What to work on >> I need the lines from the one holding "Le Basilic - Grand" to the last line of the data below repeated exactly, both included, without pictures.
=== Data excerpt ===
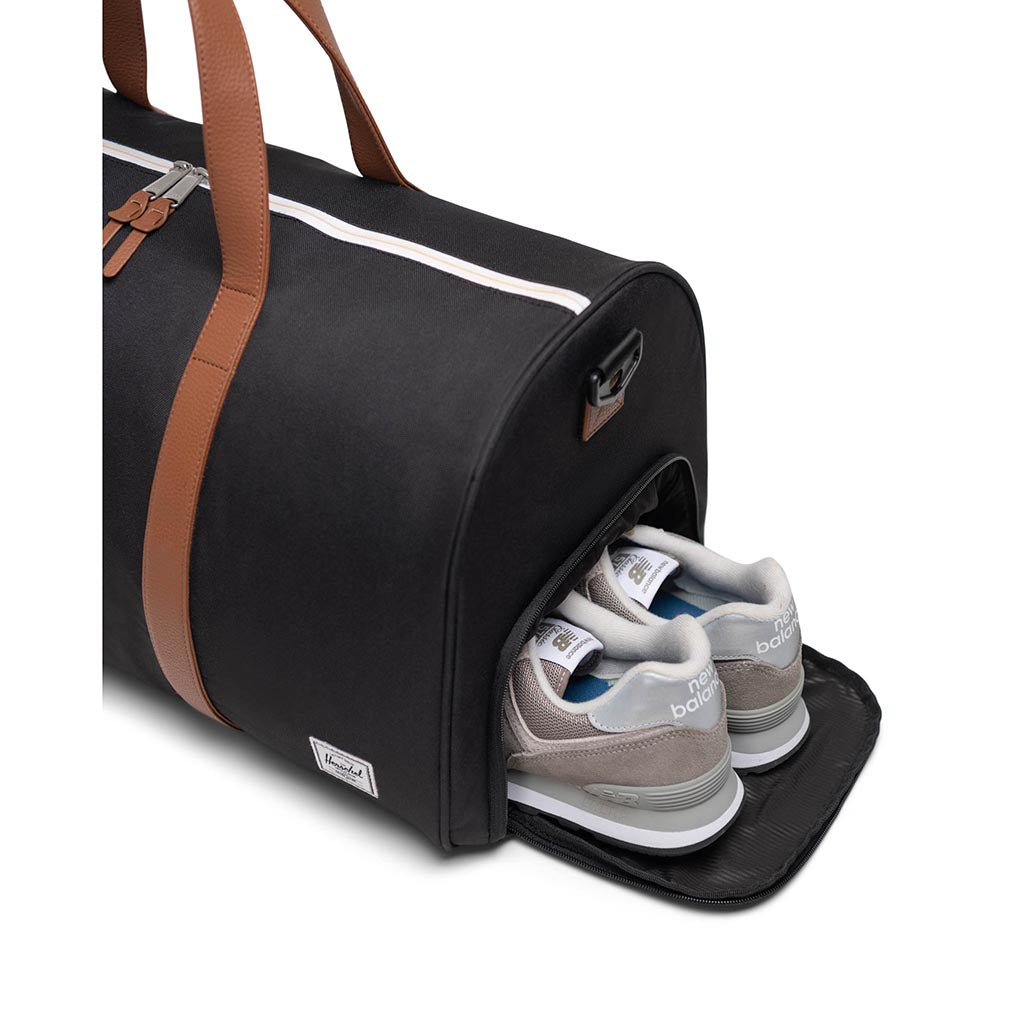 Herschel Novel Duffle Herschel Supply Co. 11396-05881-OS Duffle Bags 43L / Black Tonal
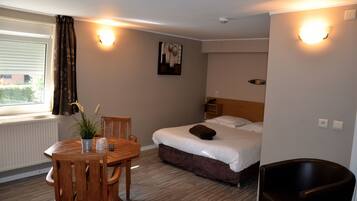 Standard Double Room | Desk, free cribs/infant beds, rollaway beds, free WiFi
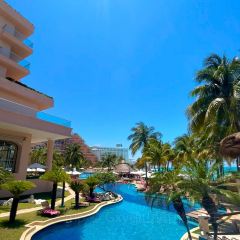 Le Basilic - Grand Fiesta Americana Coral Beach ảnh của người dùng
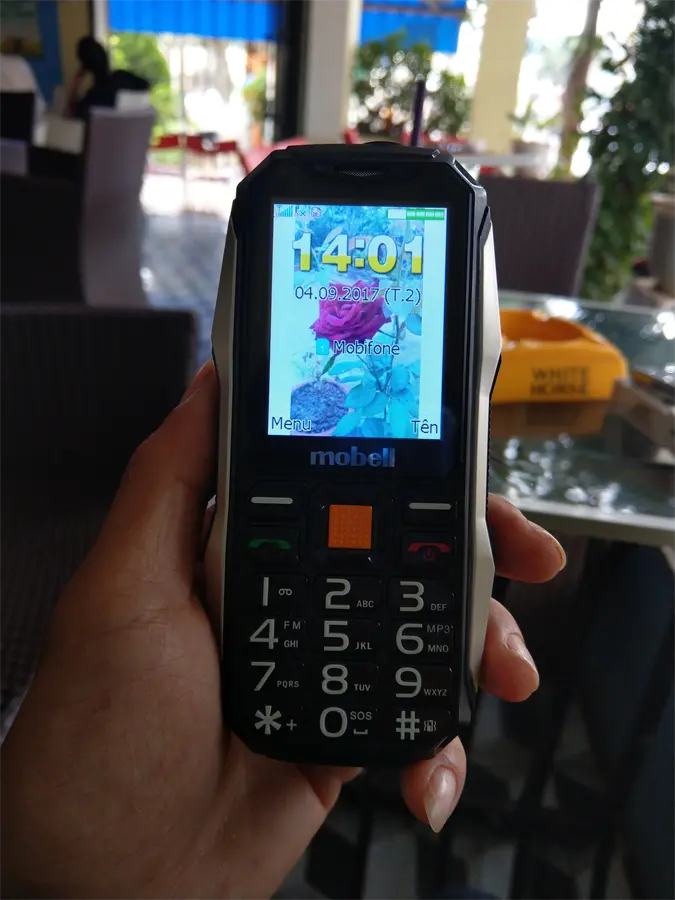 Khách hàng review Điện thoại Mobell Rock 3 13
===
Answer >>
 Le Basilic - Grand Fiesta Americana Coral Beach ảnh của người dùng
 Khách hàng review Điện thoại Mobell Rock 3 13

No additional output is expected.